I learned to tell when the cape turtle doves (Streptopelia senegalensis), perched in the drooping thorns at twilight, would suddenly drop in a flurry of wings to dip and drink and flash up again before a mongoose or rooicat could leap at the trough. I found that one of the best things to do while waiting alongside a dusty track for a ride to come along was to peer into the thorn veld, watch what was high in the makalani palms or perched on a nearby termite mound. I learned their common names in Damara, Oshiwambo, Afrikaans, or Ju/'hoan. I met a woman who loved birds and discovered the joys of birding in love that my parents clearly knew.
Birders in British Commonwealth nations call the pursuit of previously located rarities "twitching", and one of my favorite twitchers was an Anglican priest in Namibia named Michael Yates. Michael was a frustrated falconer and a bander of eagles. One memorable day he and I took the doors off his aged land rover and drove out to the hills above the Namibian capitol, Windhoek, looking for raptors. The best place to spot an eagle in this high arid plateau is perched on telephone poles. When we came upon a great bird of prey keenly observing us from the top of a pole, we would slowly drive past and toss out a wire mesh cage in which a white mouse or dove was contained and with thin snares fastened all along its top and sides. We'd continue on around the bend or into a dip in the road so that we could just see the top of the pole and the eagle dropping to the roadside. Then back we would dash, quick as lightning, and maybe if we were lucky a talon had caught in the snare and the bird was not able to beat aloft. The eagle would be swiftly pinioned, bands attached and measurements taken, then released to soar skyward. On this particular occasion it was a tawny eagle (Aquila rapax) that we managed to band in this way, a bird that ranges across Africa to south eastern Europe, the Middle East and south Asia.

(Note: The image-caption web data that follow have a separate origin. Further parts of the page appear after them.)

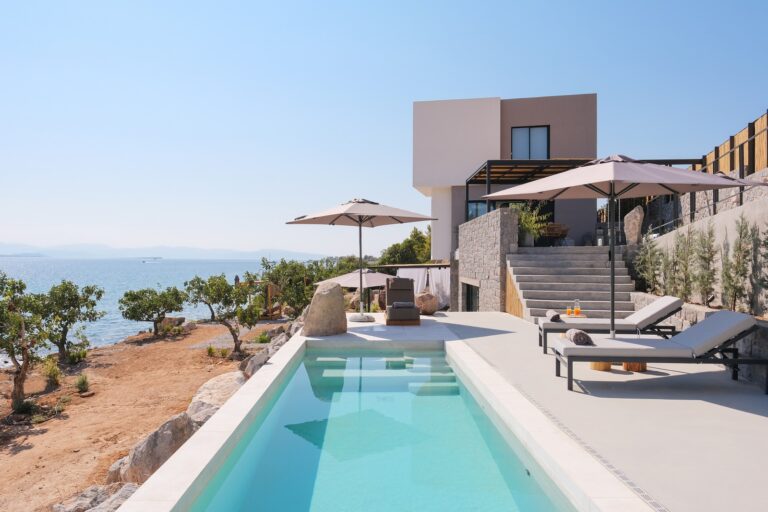 Floating Cubes: Ένα υπερσύγχρονο συγκρότημα εξοχικών κατοικιών στην Αίγινα, ωδή στον eco-friendly σχεδιασμό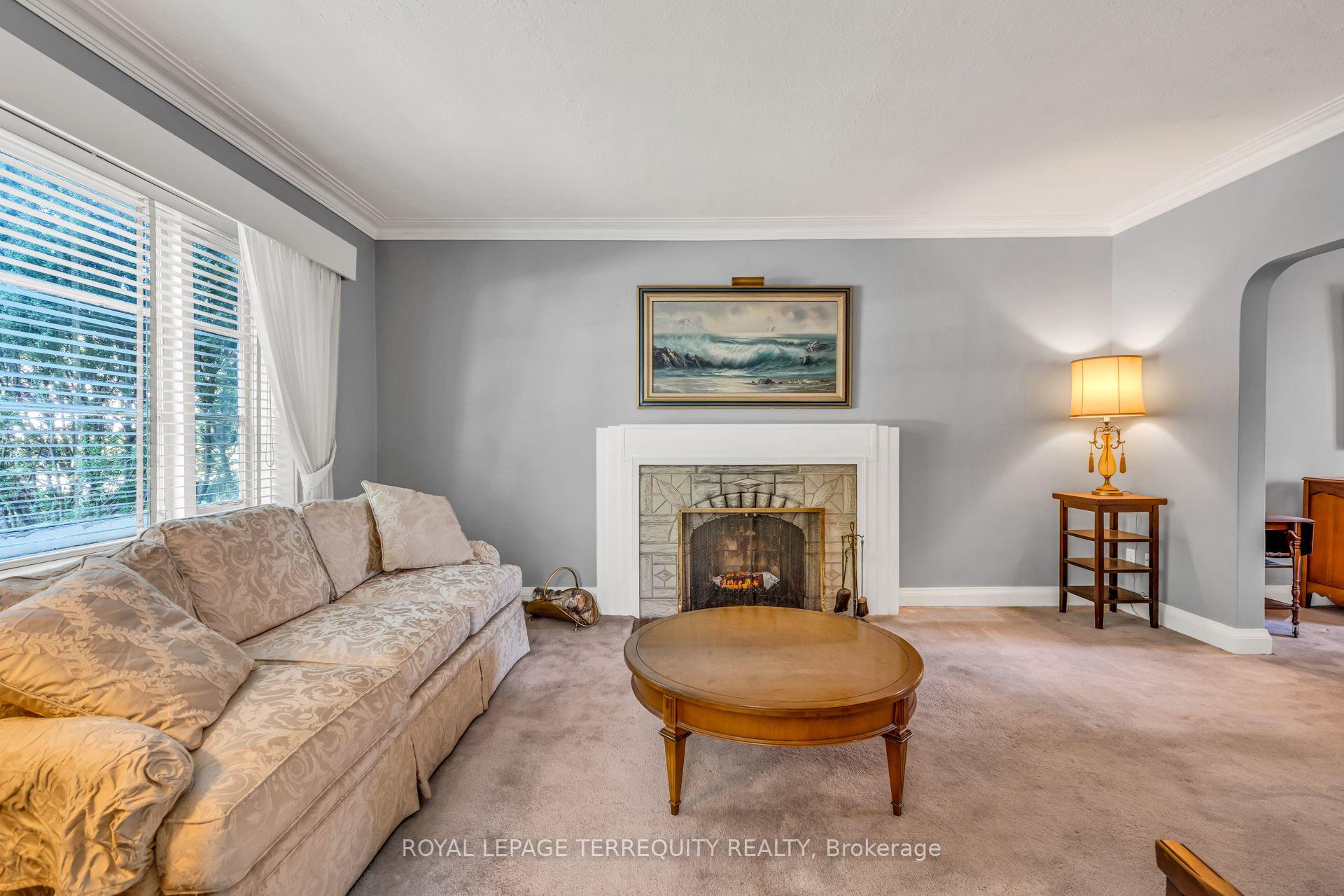 Photo 8 of 391 Sutherland Drive, Toronto, Leaside — HOMEH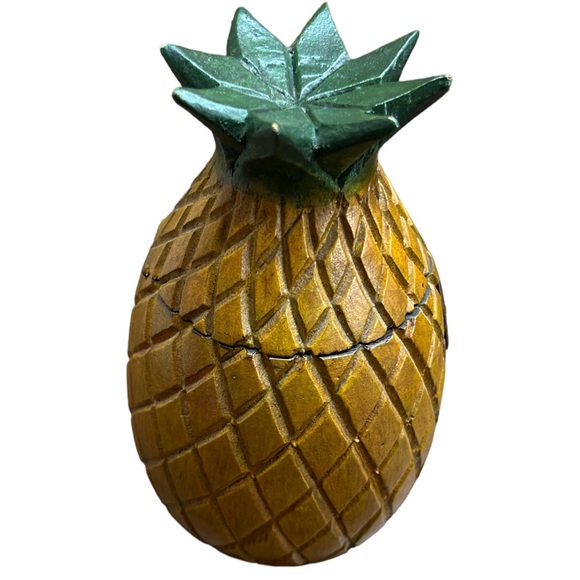 Vintage Hand Carved Wooden Pineapple Shape Jar with Hinged Pineapple Lid 7" - Picture 2 of 3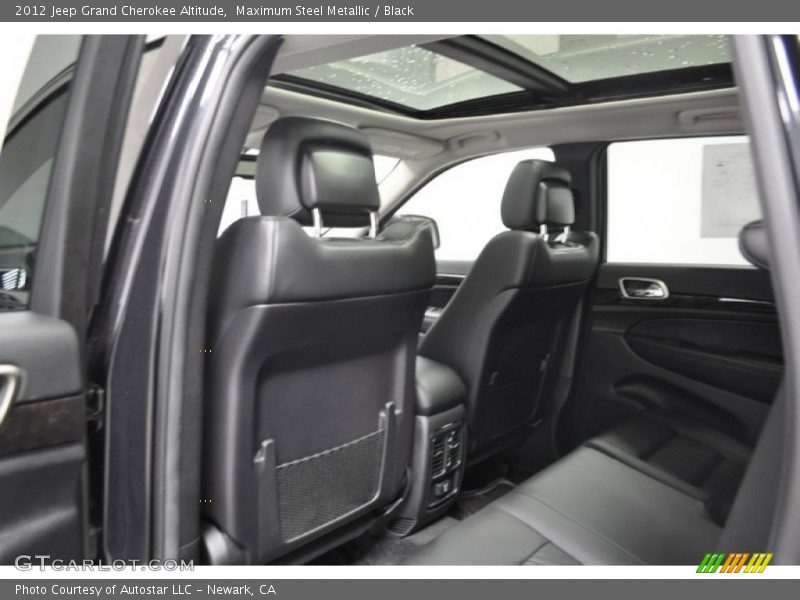 Maximum Steel Metallic / Black 2012 Jeep Grand Cherokee Altitude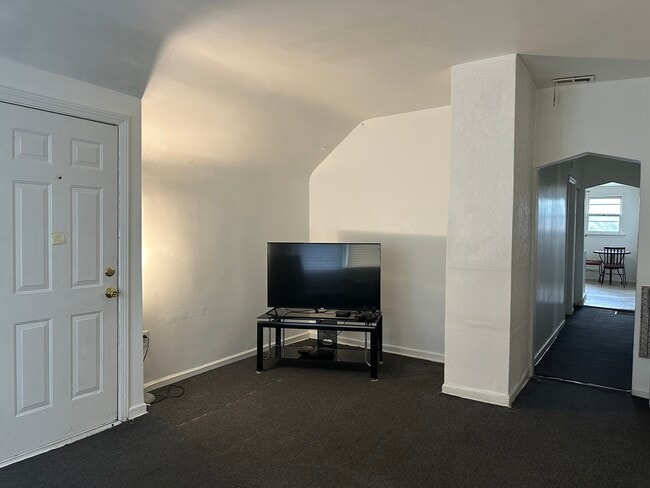 Building Photo - 7710 S Ada St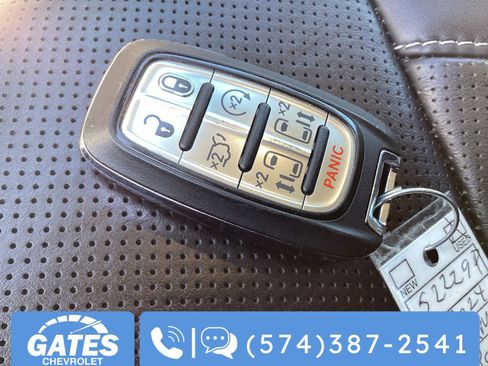 Used 2024 Chrysler Pacifica Limited FWD image 34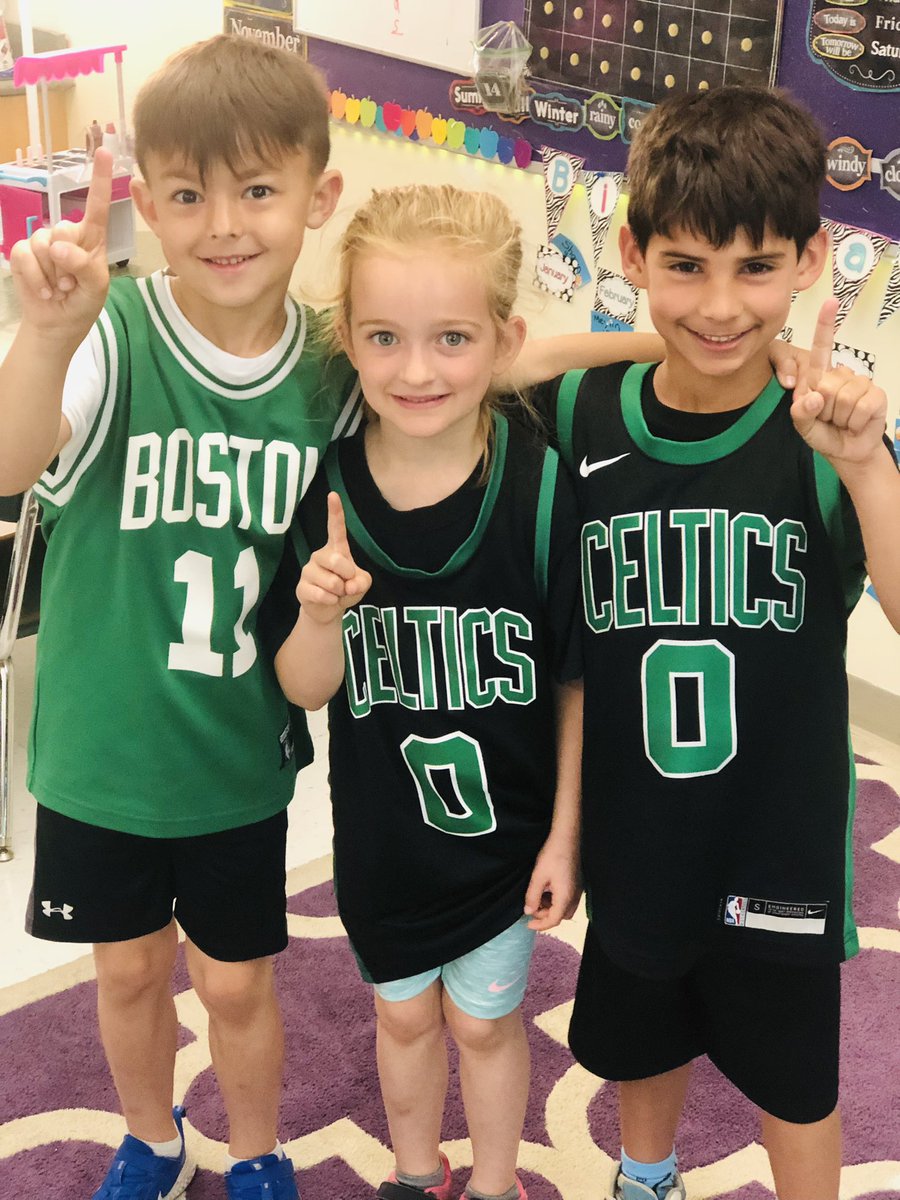 Laura Rebelo (@laulreb) on Twitter photo These 3 are bringing Shamrock luck to the Celtics tonight !
🏀💚☘️ These 3 are bringing Shamrock luck to the Celtics tonight !
🏀💚☘️
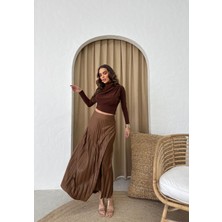 Kahverengi Pileli Etek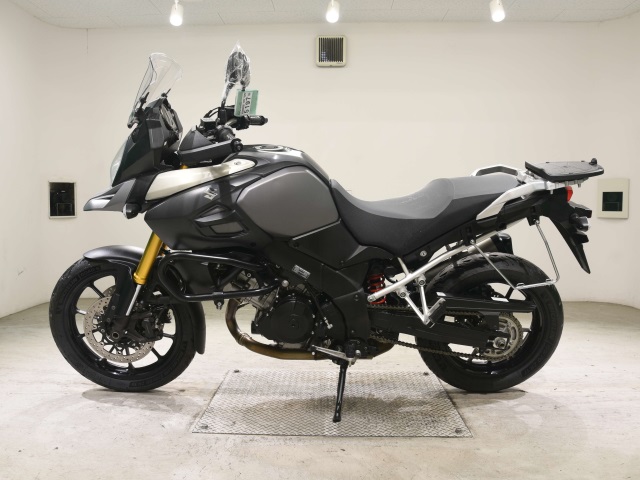 Suzuki V STROM1000A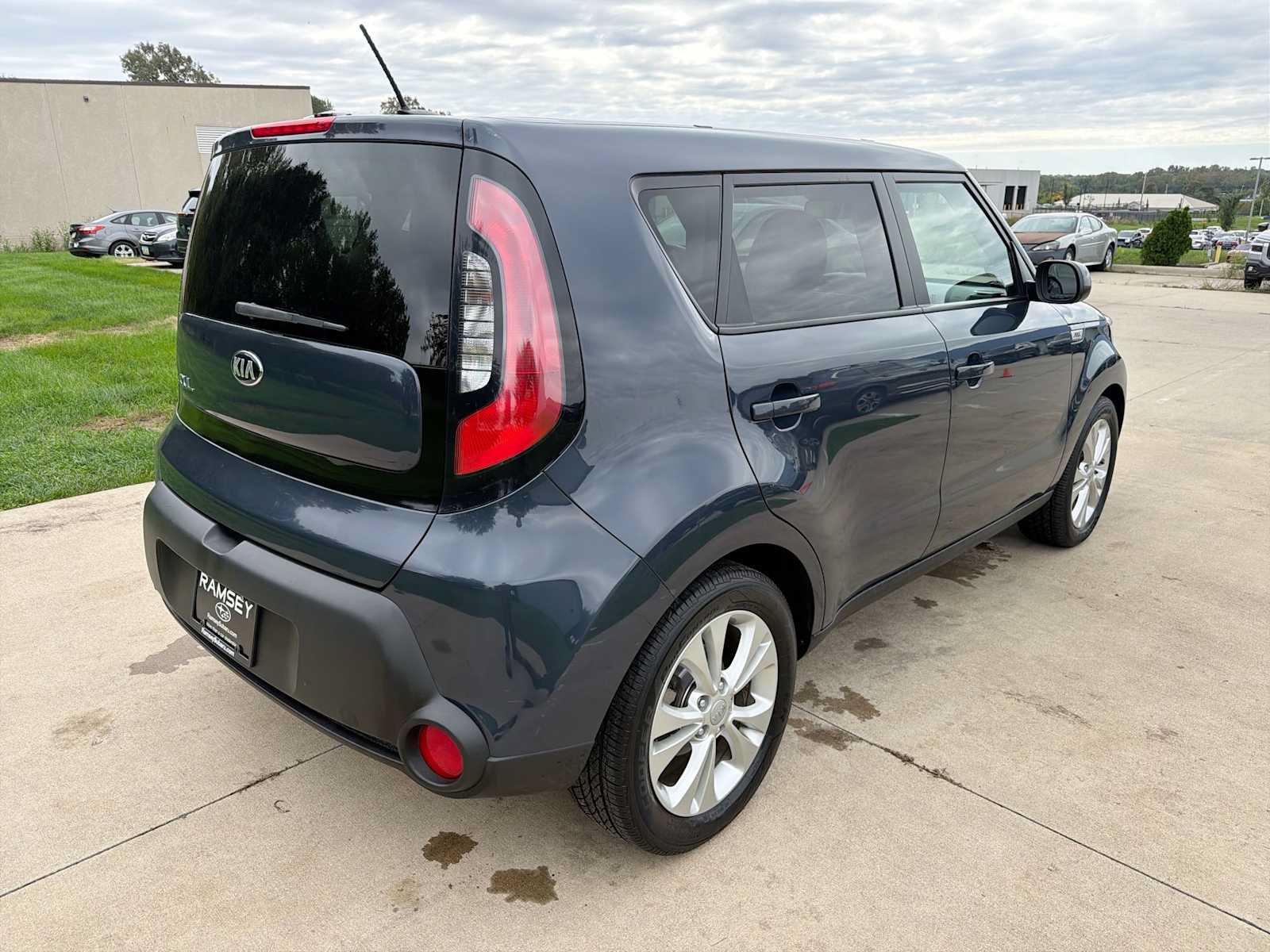 Used 2015 Kia Soul + FWD image 6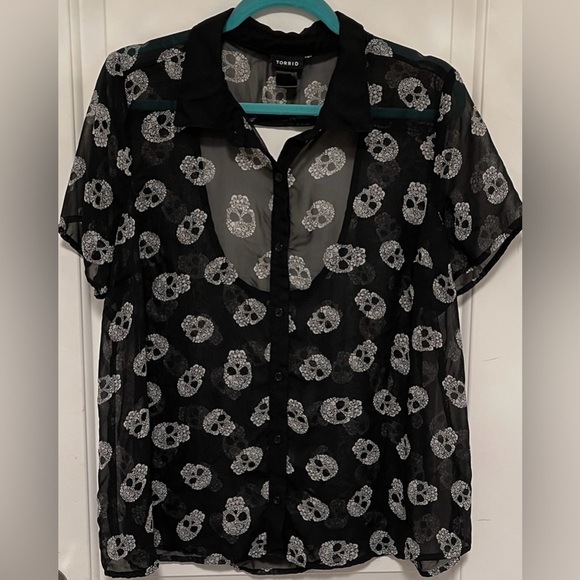 Torrid Sheer Skull Print Chiffon Blouse Short‎ Sleeve Button-Down XS/S Goth Emo - Picture 2 of 7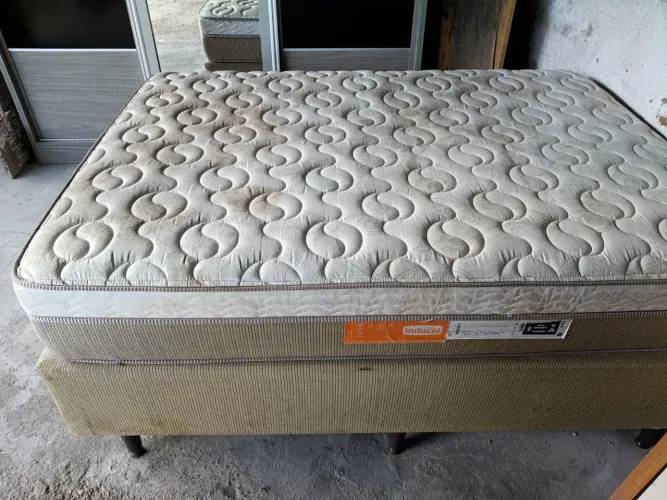 Vendo cama box casal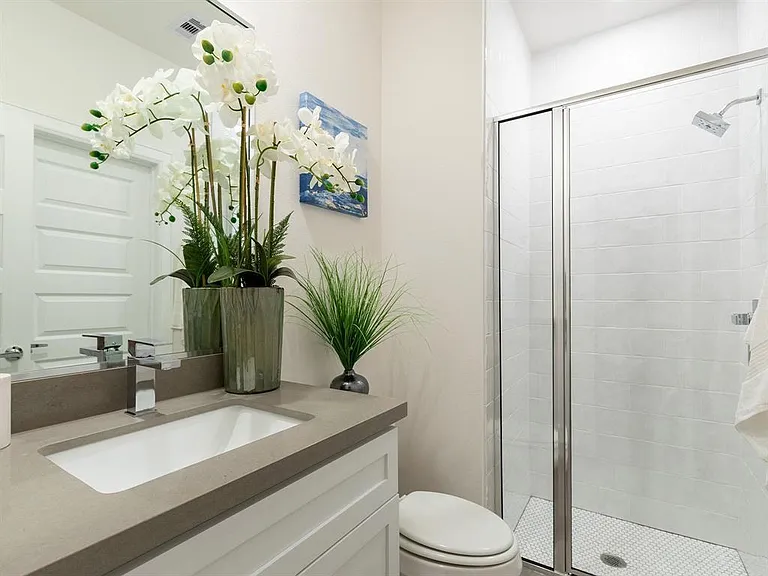 310 Jensen Dr — Photo 8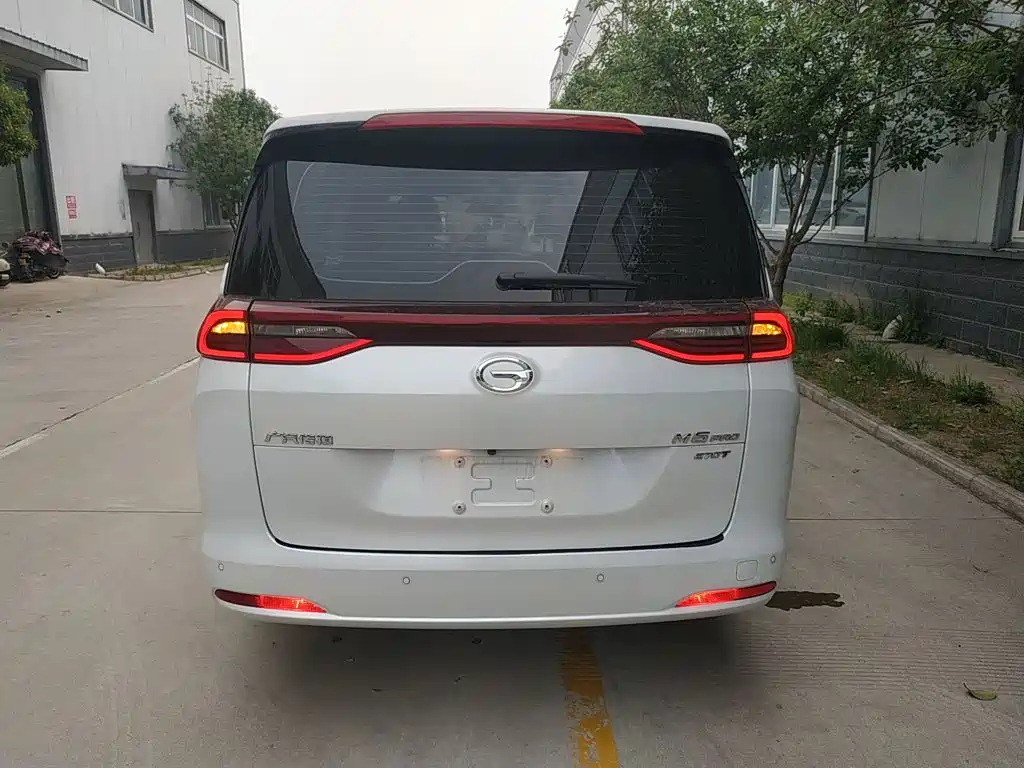 GAC Trumpchi M6 2023 — фото 4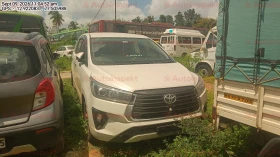  TOYOTA INNOVA CRYSTA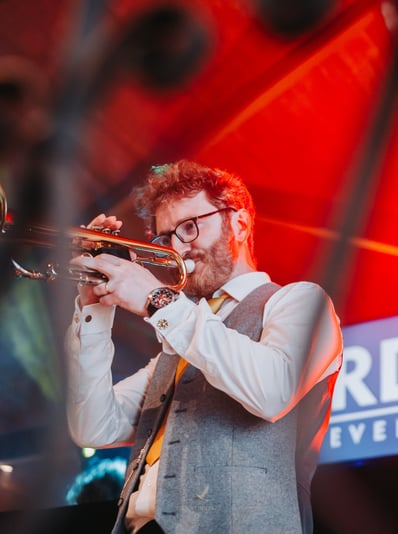 man playing sax at social event in Cartaxo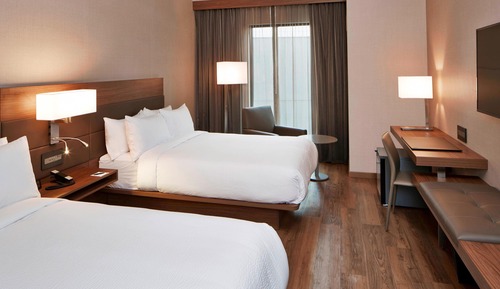 Room, 2 Double Beds (Mobility Accessible, Tub)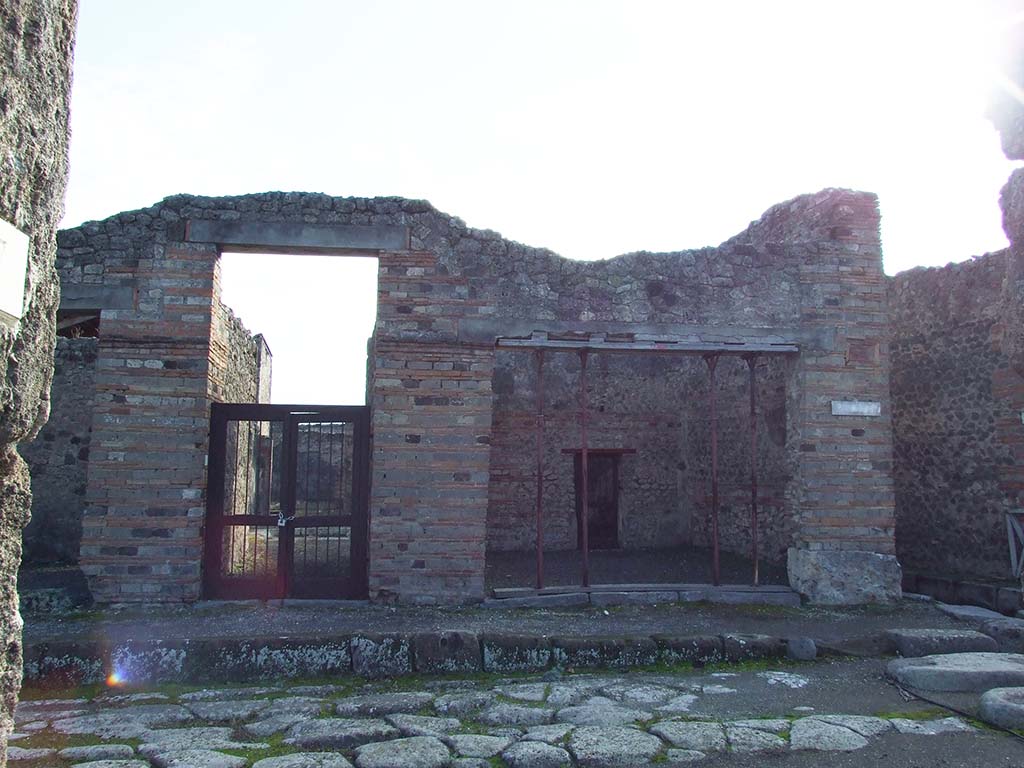 IX.5.1 Pompeii. December 2007. Looking south to entrance to shop on Via di Nola.
According to Della Corte, on the right pilaster of the shop, an electoral recommendation was found.
The recommendation made him think that this property was owned by the family Stronnia.
Stronnius (rogat)    [CIL IV 3688 with Note 3, on page 130]
See Della Corte, M., 1965. Case ed Abitanti di Pompei. Napoli: Fausto Fiorentino. (p.130)
According to Epigraphik-Datenbank Clauss/Slaby (See www.manfredclauss.de), this read as –
]
Stronnius IR    [CIL IV 3688]
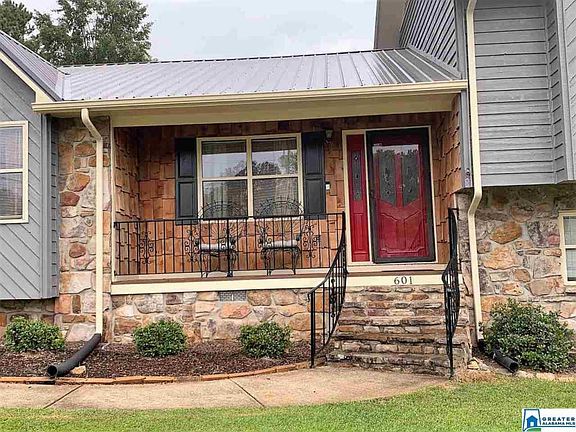 5th image of 601 Lynnwood Ln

In fact, many of the birds I came to think of as African were migrants from Eurasia and just as much a part of those places as the neo-tropical migrants of our New England summers are to their winter quarters in the Caribbean and Central and South America. The hoopoe (Upupa epops) appears at left on a stamp from Cambodia but was a regular companion during the southern African summer months, likewise the Eurasian bee-eater (Merops apiaster) depicted on the Vietnamese stamp at right.
I had many favorites that regrettably I cannot depict for you here in stamps from my collection. Among these were the Bataleur eagle (Terathopius ecaudatus), whose name is pronounced /wee-sa in the language of the Ju/'hoansi people of the Kalahari where I first saw them gliding above Nyae Nyae Pan. I can still see the pendulous nests of the masked weavers (Ploceus velatus) adorning the acacias and camel thorns in the dry riverbeds, or fastened to the upright reeds of Phragmites australis in its native habitat. I can still hear the "Go-Away" call of the grey lourie (Corythaixoides concolor) creaking like a rusty hinge, and see the Goliath heron (Ardea goliath) stabbing at fish on the shores of Lake Kariba with crocodiles for company.
The one I miss most was an old friend and constant companion: the Yellow-billed Hornbill (Tockus flavirostris), Kipling's kolokolo bird. There was one that used to attack its own reflection, defending its territory from the impertinent interloper reflected in the windowpane. The males wall up their mates and young in the cavities of trees with mud, passing food through the a crack until their offspring have fledged. It is a good strategy for keeping predators at bay.
The twitcher's art has progressed light years ahead of those times in the early and mid-1990s spent wandering the bush with an old pair of field glasses and a worn copy of Roberts Birds of Southern Africa under my arm. CDs, the Internet and a monumental bird atlas of the lower portions of Africa have made identification much easier by sight and song and opened up new areas for birding. Still, I was never attracted to the paraphernalia of bird watching, just the simple joy of discovery and sharing it with someone I love, and that is how I bird today.